- _EXERCISE_: Once you find the line with "Rainbow Rose by" in the entries below, return exactly every line from it through the line with "80 Inches Tall".

★ ★ ★

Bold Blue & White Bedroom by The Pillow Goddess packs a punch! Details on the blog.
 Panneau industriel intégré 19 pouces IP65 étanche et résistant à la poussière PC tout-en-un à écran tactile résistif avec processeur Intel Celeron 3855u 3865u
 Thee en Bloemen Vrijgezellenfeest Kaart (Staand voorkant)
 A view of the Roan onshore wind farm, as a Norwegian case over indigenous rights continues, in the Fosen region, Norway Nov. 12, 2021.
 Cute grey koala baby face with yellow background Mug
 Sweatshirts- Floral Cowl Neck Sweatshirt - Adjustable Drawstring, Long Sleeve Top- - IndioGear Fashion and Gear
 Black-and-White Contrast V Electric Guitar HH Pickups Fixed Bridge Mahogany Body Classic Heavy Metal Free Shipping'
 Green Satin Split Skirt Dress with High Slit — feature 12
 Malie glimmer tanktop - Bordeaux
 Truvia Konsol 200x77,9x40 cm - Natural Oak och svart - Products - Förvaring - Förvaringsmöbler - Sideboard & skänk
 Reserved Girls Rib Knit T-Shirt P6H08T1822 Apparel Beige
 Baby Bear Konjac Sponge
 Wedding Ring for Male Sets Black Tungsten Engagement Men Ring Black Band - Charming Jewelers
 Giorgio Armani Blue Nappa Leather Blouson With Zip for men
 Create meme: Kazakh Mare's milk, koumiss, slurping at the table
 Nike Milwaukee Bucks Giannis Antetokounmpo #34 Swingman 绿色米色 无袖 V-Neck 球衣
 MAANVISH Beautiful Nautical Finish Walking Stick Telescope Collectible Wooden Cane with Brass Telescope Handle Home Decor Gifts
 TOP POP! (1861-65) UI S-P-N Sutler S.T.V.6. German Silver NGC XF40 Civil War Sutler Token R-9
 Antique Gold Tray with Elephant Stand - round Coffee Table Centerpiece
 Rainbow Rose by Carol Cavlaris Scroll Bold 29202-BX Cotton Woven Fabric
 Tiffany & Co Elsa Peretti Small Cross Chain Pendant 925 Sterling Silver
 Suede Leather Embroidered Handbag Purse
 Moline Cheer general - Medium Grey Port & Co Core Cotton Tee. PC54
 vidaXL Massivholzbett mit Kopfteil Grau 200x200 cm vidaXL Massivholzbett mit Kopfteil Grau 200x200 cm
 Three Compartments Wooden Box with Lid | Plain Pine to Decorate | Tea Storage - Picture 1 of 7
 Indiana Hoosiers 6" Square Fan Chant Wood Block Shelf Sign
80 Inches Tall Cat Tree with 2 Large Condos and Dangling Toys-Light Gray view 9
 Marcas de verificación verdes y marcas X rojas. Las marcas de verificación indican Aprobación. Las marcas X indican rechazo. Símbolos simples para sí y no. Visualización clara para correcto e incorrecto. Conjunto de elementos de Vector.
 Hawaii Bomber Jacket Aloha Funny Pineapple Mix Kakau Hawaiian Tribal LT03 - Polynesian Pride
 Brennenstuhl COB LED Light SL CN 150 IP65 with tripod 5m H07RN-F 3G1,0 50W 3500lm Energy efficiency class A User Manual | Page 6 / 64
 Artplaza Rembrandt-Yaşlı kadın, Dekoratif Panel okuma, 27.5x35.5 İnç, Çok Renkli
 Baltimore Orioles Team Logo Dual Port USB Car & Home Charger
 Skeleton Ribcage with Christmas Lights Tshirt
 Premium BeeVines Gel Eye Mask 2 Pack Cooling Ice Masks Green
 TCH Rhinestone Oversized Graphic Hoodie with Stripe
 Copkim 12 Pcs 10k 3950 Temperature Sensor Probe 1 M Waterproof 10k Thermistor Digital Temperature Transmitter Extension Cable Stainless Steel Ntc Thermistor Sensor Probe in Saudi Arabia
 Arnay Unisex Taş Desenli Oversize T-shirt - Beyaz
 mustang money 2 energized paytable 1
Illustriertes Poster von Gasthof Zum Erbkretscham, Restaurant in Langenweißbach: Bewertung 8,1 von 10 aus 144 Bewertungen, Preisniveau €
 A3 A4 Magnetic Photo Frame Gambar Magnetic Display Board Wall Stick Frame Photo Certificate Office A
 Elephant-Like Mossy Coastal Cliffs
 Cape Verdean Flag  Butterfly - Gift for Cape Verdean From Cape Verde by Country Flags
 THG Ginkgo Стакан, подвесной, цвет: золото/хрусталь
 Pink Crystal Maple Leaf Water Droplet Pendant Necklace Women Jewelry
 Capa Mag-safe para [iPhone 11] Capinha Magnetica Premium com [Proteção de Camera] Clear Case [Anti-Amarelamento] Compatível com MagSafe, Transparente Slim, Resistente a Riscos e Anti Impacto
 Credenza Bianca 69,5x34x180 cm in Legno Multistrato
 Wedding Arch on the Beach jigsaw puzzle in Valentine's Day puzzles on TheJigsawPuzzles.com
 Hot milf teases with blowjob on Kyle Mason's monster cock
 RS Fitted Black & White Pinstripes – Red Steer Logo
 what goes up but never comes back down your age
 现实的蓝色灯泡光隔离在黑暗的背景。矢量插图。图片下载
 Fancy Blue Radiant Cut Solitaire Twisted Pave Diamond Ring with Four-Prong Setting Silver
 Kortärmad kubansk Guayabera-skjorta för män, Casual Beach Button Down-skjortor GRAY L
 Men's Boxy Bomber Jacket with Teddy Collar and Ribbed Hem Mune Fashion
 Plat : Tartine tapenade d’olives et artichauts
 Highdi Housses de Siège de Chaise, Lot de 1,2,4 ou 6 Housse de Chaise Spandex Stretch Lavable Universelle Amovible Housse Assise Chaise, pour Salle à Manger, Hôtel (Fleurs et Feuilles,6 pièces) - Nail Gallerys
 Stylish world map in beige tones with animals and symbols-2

★ ★ ★

- _SOLUTION TO THIS EXERCISE_:
 Rainbow Rose by Carol Cavlaris Scroll Bold 29202-BX Cotton Woven Fabric
 Tiffany & Co Elsa Peretti Small Cross Chain Pendant 925 Sterling Silver
 Suede Leather Embroidered Handbag Purse
 Moline Cheer general - Medium Grey Port & Co Core Cotton Tee. PC54
 vidaXL Massivholzbett mit Kopfteil Grau 200x200 cm vidaXL Massivholzbett mit Kopfteil Grau 200x200 cm
 Three Compartments Wooden Box with Lid | Plain Pine to Decorate | Tea Storage - Picture 1 of 7
 Indiana Hoosiers 6" Square Fan Chant Wood Block Shelf Sign
80 Inches Tall Cat Tree with 2 Large Condos and Dangling Toys-Light Gray view 9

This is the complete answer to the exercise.